Ungetrübter Blick für Gegebenheiten: Wo Leute grüßen und lächeln, fühlt sich die Schauspielerin Lisanne Hirzel aus der Schweiz mehr zu Hause.
Ungetrübter Blick für Gegebenheiten: Wo Leute grüßen und lächeln, fühlt sich die Schauspielerin Lisanne Hirzel aus der Schweiz mehr zu Hause.  Foto: Lina Bihr

Sind die Berner wirklich so langsam? Lisanne Hirzel muss wissen, was es mit der landläufigen Meinung auf sich hat, Berner seien langsam, gemütlich, nicht aus der Ruhe zu bringen. Hirzel ist in Biel im Kanton Bern aufgewachsen und hat in der Kantonshauptstadt studiert.

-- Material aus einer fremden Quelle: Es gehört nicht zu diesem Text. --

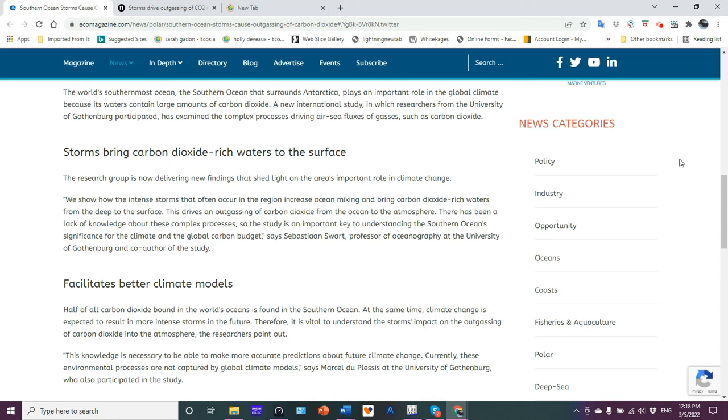The new international study examined the complex processes driving air-sea fluxes of gases such as carbon dioxide. Flux is basically a volume per unit area per time. In the article they calculate it as moles of CO2 per square meter per year — that's all fluxes: an amount per unit area per unit time.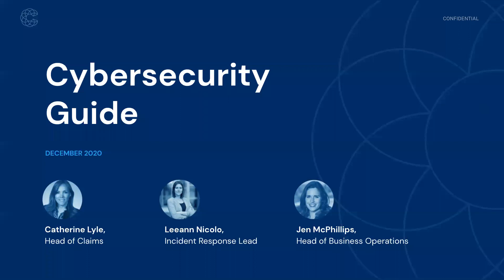I'm also joined by Leanne Niccolo, who's the incident response lead on our Coalition incident response team. If anyone has had the misfortune of having a claim, Leanne leads the team responsible for forensics and remediation work. For example, companies that experience a ransomware event — this is the team that helps identify the cause of the incident and reconfigures security settings to help organizations get back to business.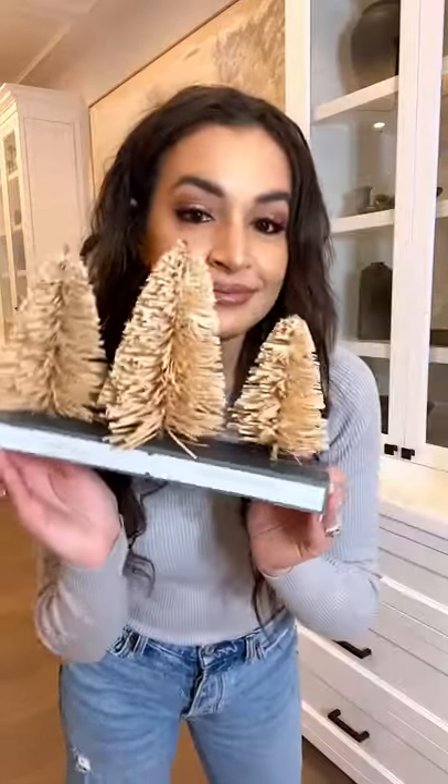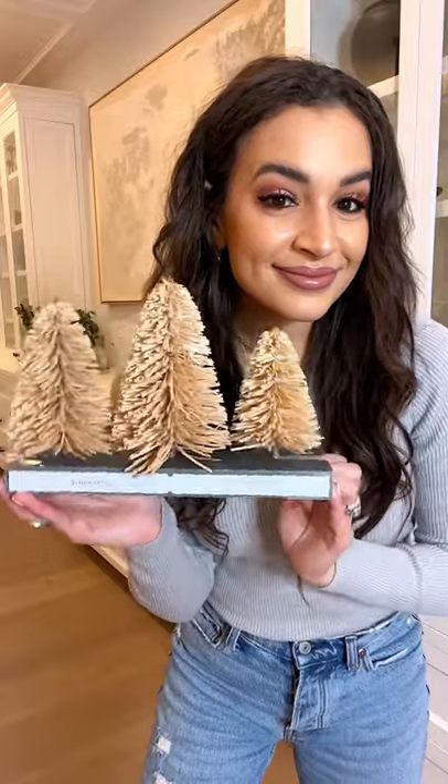Here is all of the holiday decor I purchased this season at Target. I love these neutral mini trees — I think they would look so cute styled with some candles.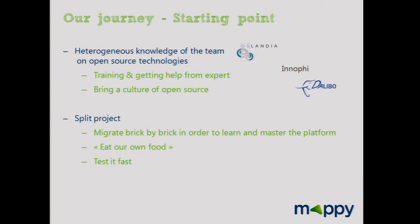We split the project into key milestones in order to learn and master the platform, and to show a map as soon as possible on the Mapnik platform. We also wanted to eat our own food: since Map APIs are consumed by third parties, we had to be our first user and test it fast.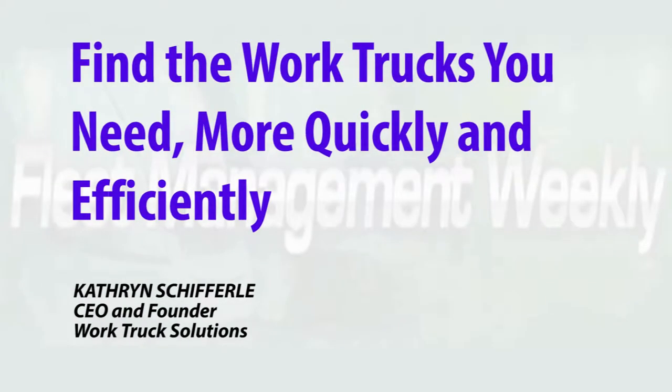Work Truck Solutions is tackling one of the biggest problems in the industry: how to find the exact work truck you need as quickly and efficiently as possible. Today in the work truck industry, the supply chain is very fragmented. When a work truck is built, it takes a minimum of three different companies to put it together, and sometimes as many as eight.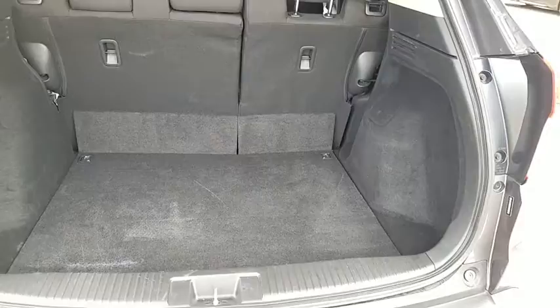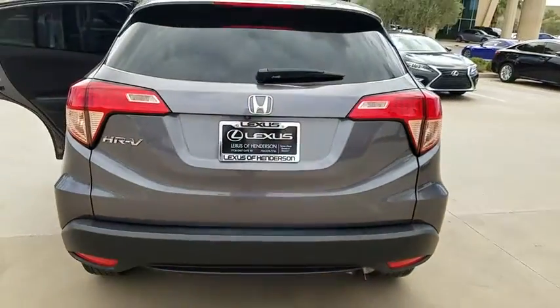Take this vehicle for a spin and see why so many shoppers are now proud owners.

Es mag am Dialekt liegen, am Bärndütsch und seiner sehr melodisch gedehnten Sprechweise, sagt Lisanne Hirzel. „Aber im Kopf, da ist der Berner nicht langsam“, stellt die 30-Jährige klar. Dass auch sie dieses sehr spezielle Idiom beherrscht, möchte man nicht glauben. Bühnendeutsch ist ihr Metier, seit dieser Spielzeit gehört die beredte junge Frau fest zum Heilbronner Stadttheater. Bevor es um das Theater geht im Allgemeinen und speziell, um Hirzels Werdegang und aktuelle Situation, muss noch geklärt sein: Was ist schweizerisch an ihr?

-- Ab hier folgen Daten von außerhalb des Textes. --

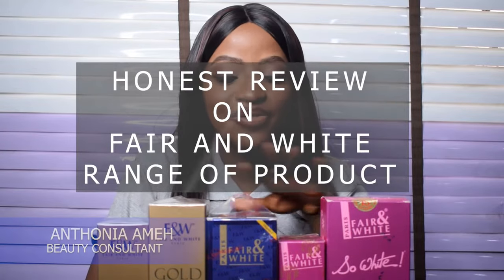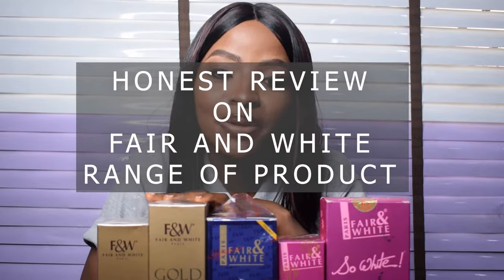Hi guys, welcome to Kochi Beauty. Here on our YouTube channel we give honest reviews about beauty and wellness products. My name is Antonia Ame, and today I'll be giving an honest review about this Fair and White range. I know you've got various questions — does it clear sunburn, does it clear hyperpigmentation, does it contain hydroquinone? Don't worry, I'll be answering all of your questions and more.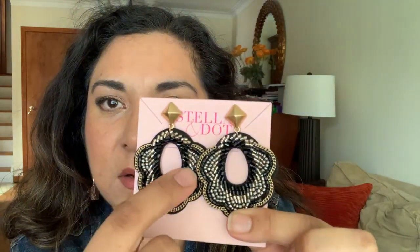Moving on to more statement earrings — we had the Dove Wrap Bracelet in gray with matching Dove Earrings in gray, and now they've come out with matching Dove Earrings in black and gold. Look at the beading — it's all black beads, really pretty. It's also a flattering shape. Here are the Dove Earrings in black and gold. The gray ones feature a gray material with silver square studs; these ones are gold. Another winner!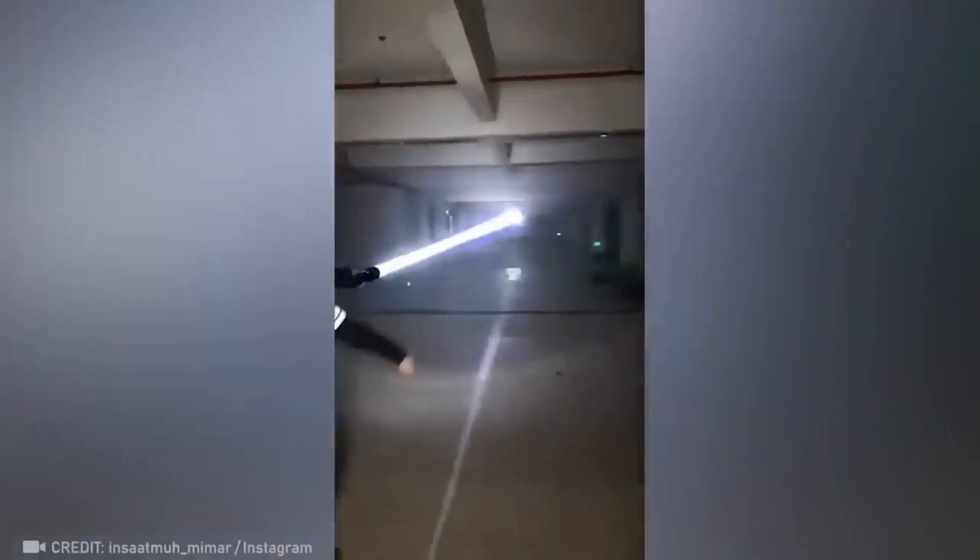Prepare to be dazzled by this extraordinary flashlight that conquers any darkness in its path.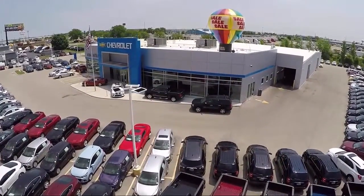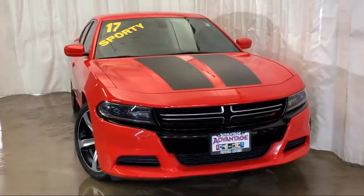Welcome to Advantage Chevrolet of Bolingbrook, and here's a look at another one of our great vehicles from our inventory.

„Gute Frage“, Lisanne Hirzel muss nachdenken. Pünktlichkeit ist es nicht, „meine größte Schwäche“. Das hat nichts damit zu tun, dass sie schon lange in Deutschland lebt. Beide, gibt Hirzel zu bedenken, Schweizer wie Deutsche, „haben diesen Hang zur Korrektheit“. Der Unterschied jedoch sei, ob und wie Regeln eingehalten werden. Bevor sie, um abzukürzen, quer über einen fremden Acker läuft, geht Hirzel einmal außen herum. „Der Schweizer würde lieber etwas nicht machen, als etwas falsch zu machen.“  Dabei bescheinigt aller Regelhaftigkeit zum Trotz Hirzel ihren Landsleuten eine Leichtigkeit und Höflichkeit.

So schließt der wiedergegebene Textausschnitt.